__WORK TASK__.
Show me every line in the listing that has the word "Skin".

__AVAILABLE RECORDS__.
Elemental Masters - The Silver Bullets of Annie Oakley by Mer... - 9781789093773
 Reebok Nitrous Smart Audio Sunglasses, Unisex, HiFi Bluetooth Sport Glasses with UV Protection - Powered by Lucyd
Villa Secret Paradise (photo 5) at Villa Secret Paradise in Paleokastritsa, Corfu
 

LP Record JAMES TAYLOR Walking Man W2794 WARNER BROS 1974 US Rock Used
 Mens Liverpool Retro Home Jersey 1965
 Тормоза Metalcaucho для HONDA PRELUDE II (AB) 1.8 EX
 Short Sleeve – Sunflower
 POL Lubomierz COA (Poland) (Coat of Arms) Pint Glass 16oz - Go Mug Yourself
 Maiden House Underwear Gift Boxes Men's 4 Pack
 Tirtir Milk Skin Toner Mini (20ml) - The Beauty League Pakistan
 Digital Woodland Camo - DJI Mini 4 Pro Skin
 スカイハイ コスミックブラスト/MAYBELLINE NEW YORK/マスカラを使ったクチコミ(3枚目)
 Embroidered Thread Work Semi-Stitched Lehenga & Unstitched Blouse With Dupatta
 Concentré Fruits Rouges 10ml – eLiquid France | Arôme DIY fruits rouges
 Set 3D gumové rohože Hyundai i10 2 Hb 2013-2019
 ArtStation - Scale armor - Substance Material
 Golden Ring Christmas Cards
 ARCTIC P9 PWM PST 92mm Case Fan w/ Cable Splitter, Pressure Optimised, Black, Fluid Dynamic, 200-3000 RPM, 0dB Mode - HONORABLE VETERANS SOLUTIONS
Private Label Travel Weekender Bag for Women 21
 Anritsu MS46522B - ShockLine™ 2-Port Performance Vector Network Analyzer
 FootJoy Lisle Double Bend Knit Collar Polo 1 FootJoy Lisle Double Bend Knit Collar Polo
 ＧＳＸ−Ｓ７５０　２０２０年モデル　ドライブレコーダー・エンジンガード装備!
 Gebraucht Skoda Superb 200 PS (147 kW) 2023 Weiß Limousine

__SOLUTION FOR THIS TASK__.
 Tirtir Milk Skin Toner Mini (20ml) - The Beauty League Pakistan
 Digital Woodland Camo - DJI Mini 4 Pro Skin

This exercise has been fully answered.